This quick gsub() treatment, to replace expected input errors reduced the event types from 985 to 393 unique storm events.
storm_data_corrected <- storm_data
storm_data_corrected$EVTYPE <- toupper(storm_data_corrected$EVTYPE)
storm_data_corrected$EVTYPE <- gsub("^(SMALL )?HAIL.*", "HAIL", storm_data_corrected$EVTYPE)
storm_data_corrected$EVTYPE <- gsub("TSTM|THUNDERSTORMS?", "THUNDERSTORM", storm_data_corrected$EVTYPE)
storm_data_corrected$EVTYPE <- gsub("STORMS?", "STORM", storm_data_corrected$EVTYPE)
storm_data_corrected$EVTYPE <- gsub("WINDS?|WINDS?/HAIL", "WIND", storm_data_corrected$EVTYPE)
storm_data_corrected$EVTYPE <- gsub("RAINS?", "RAIN", storm_data_corrected$EVTYPE)
storm_data_corrected$EVTYPE <- gsub("^TH?UN?DEE?RS?TO?RO?M ?WIND.*|^(SEVERE )?THUNDERSTORM$|^WIND STORM$|^(DRY )?MI[CR][CR]OBURST.*|^THUNDERSTORMW$", "THUNDERSTORM WIND", storm_data_corrected$EVTYPE)
storm_data_corrected$EVTYPE <- gsub("^COASTAL ?STORM$|^MARINE ACCIDENT$", "MARINE THUNDERSTORM WIND", storm_data_corrected$EVTYPE)
storm_data_corrected$EVTYPE <- gsub("^FLOODS?.*|^URBAN/SML STREAM FLD$|^(RIVER|TIDAL|MAJOR|URBAN|MINOR|ICE JAM|RIVER AND STREAM|URBAN/SMALL STREAM)? FLOOD(ING)?S?$|^HIGH WATER$|^URBAN AND SMALL STREAM FLOODIN$|^DROWNING$|^DAM BREAK$", "FLOOD", storm_data_corrected$EVTYPE)
storm_data_corrected$EVTYPE <- gsub("^FLASH FLOOD.*|^RAPIDLY RISING WATER$", "FLASH FLOOD", storm_data_corrected$EVTYPE)
storm_data_corrected$EVTYPE <- gsub("WATERSPOUTS?", "WATERSPOUT", storm_data_corrected$EVTYPE)

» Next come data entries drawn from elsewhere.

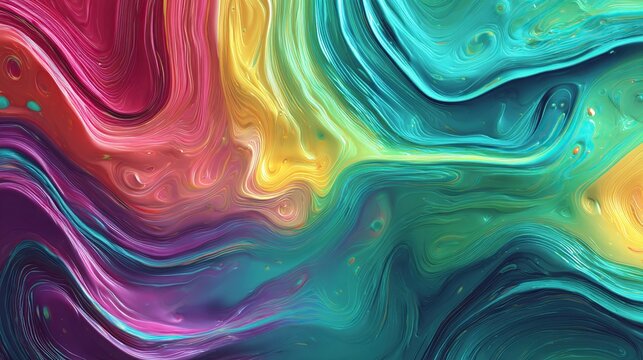 Abstract swirling vibrant colors in fluid motion, creating a dynamic and multicolored pattern with varied textures and luminosity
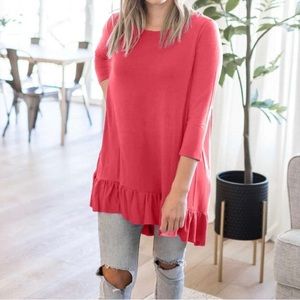 Zenana Womens Tunic Top, Loose Top, Oversized Ruffled Top, Loose Fit 3/4 Sleeve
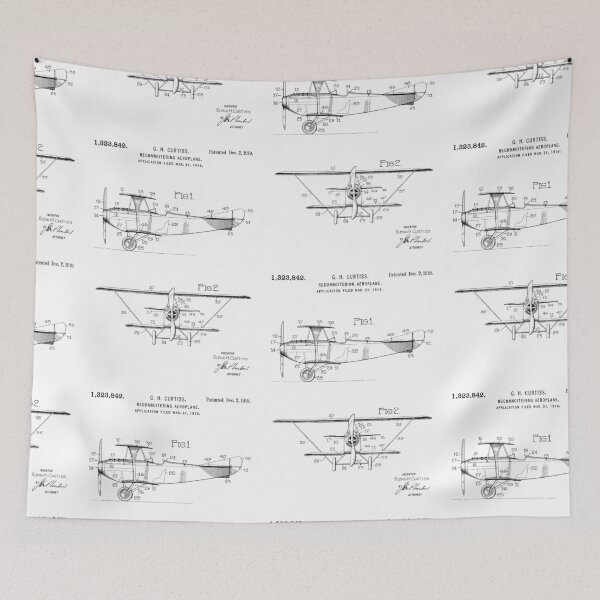 Item preview, Reconnaissance Biplane 1919 patent - black designed and sold by InkedArtPrints.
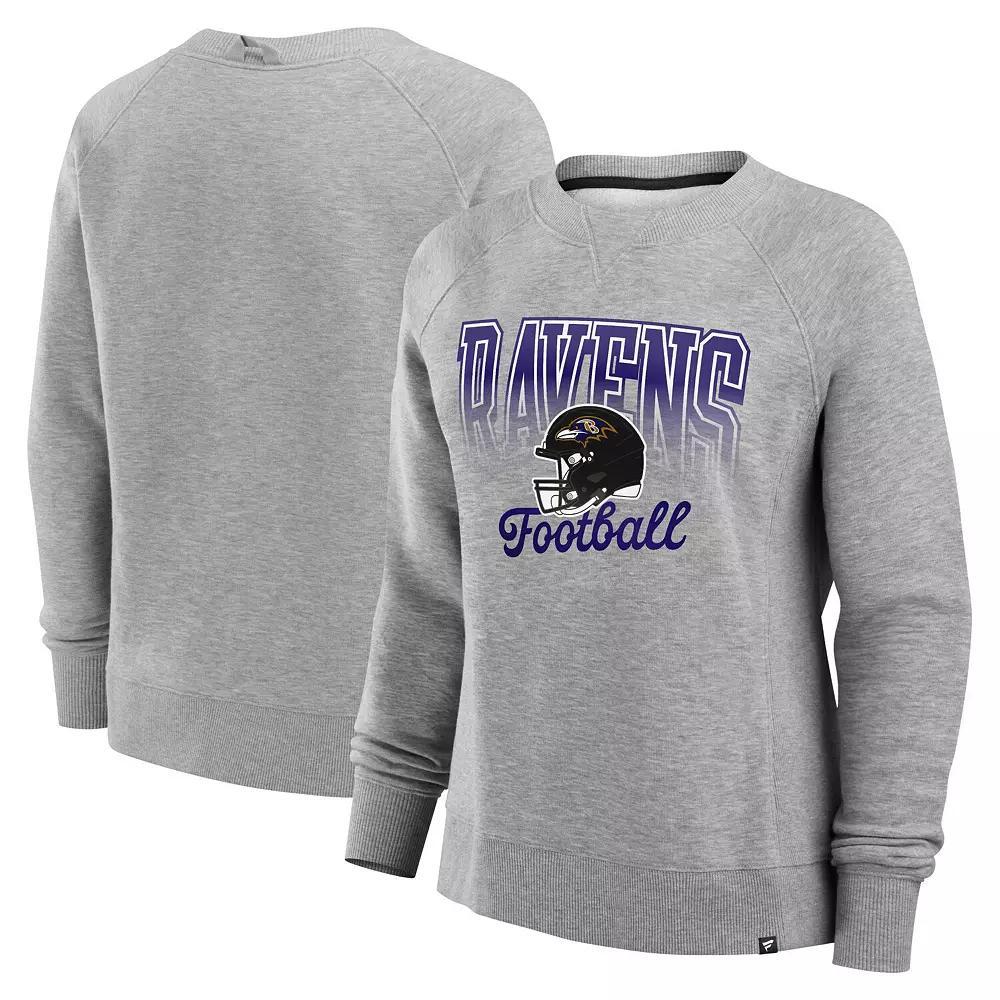 Women's Fanatics Heather Gray Baltimore Ravens Hit Hard Fleece Pullover Sweatshirt, Size: Small, Grey Product Image
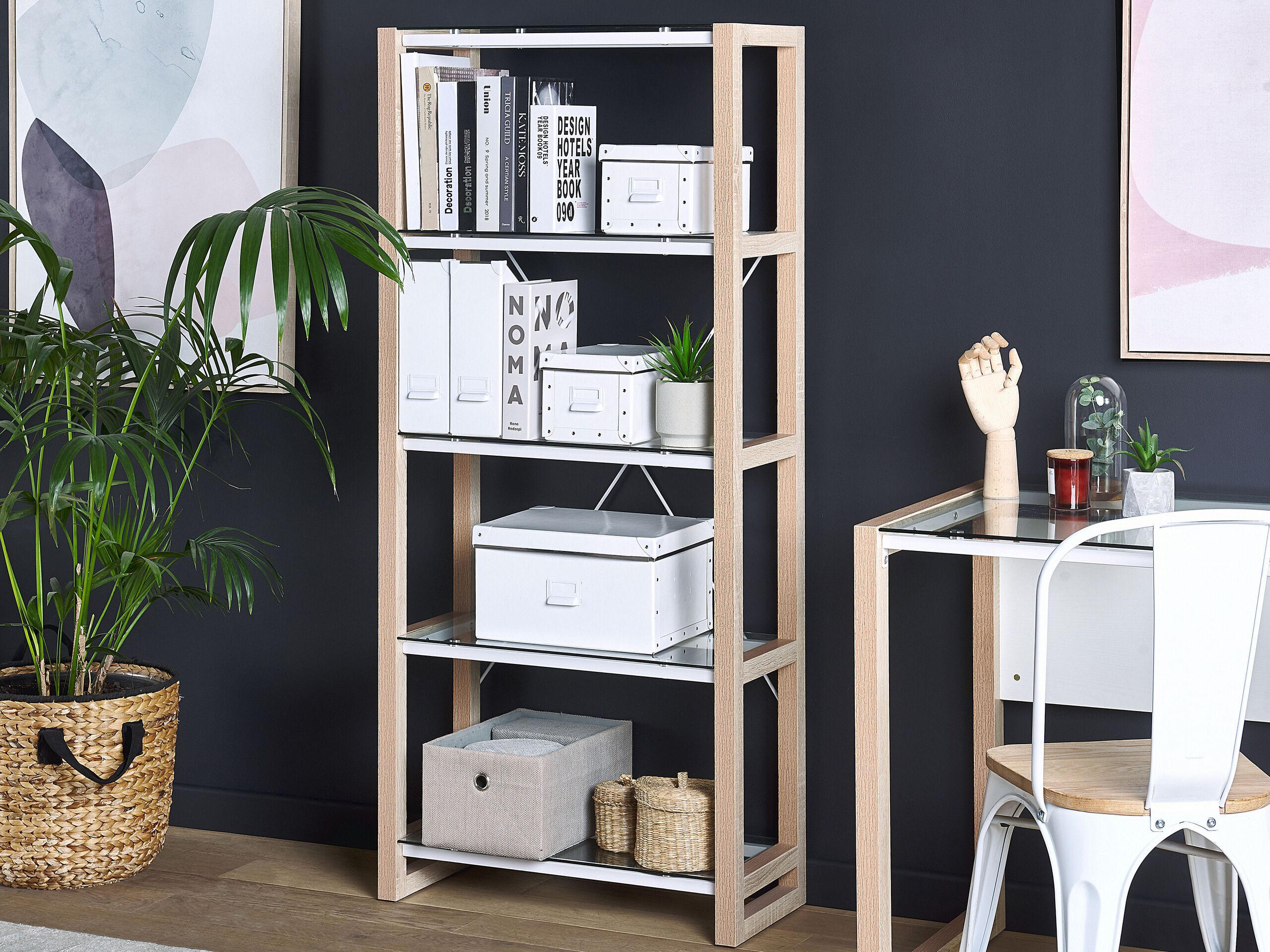 BÜCHERREGAL 4 Fächer Jenks - Weiß, Holzwerkstoff (68/152/30cm) - Beliani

storm_data_corrected$EVTYPE <- gsub("WEATHER/MIX", "WEATHER", storm_data_corrected$EVTYPE)
storm_data_corrected$EVTYPE <- gsub("CURRENTS?", "CURRENT", storm_data_corrected$EVTYPE)
storm_data_corrected$EVTYPE <- gsub("^WINDCHILL$|^COLD.*|^LOW TEMPERATURE$|^UNSEASONABLY COLD$", "COLD/WIND CHILL", storm_data_corrected$EVTYPE)
storm_data_corrected$EVTYPE <- gsub("^EXTREME WIND ?CHILL$|^(EXTENDED|EXTREME|RECORD)? COLDS?$", "EXTREME COLD/WIND CHILL", storm_data_corrected$EVTYPE)
storm_data_corrected$EVTYPE <- gsub("^WILD/FOREST FIRE$|^(WILD|BRUSH|FOREST)? ?FIRES?$", "WILDFIRE", storm_data_corrected$EVTYPE)
storm_data_corrected$EVTYPE <- gsub("^RAIN/SNOW$|^(BLOWING|HEAVY|EXCESSIVE|BLOWING|ICE AND|RECORD)? ?SNOWS?.*", "HEAVY SNOW", storm_data_corrected$EVTYPE)
storm_data_corrected$EVTYPE <- gsub("^FOG$", "DENSE FOG", storm_data_corrected$EVTYPE)
storm_data_corrected$EVTYPE <- gsub("^(GUSTY|NON-SEVERE|NON ?-?THUNDERSTORM)? ?WIND.*|^ICE/STRONG WIND$", "STRONG WIND", storm_data_corrected$EVTYPE)
storm_data_corrected$EVTYPE <- gsub("SURGE$", "SURGE/TIDE", storm_data_corrected$EVTYPE)
storm_data_corrected$EVTYPE <- gsub("CLOUDS?", "CLOUD", storm_data_corrected$EVTYPE)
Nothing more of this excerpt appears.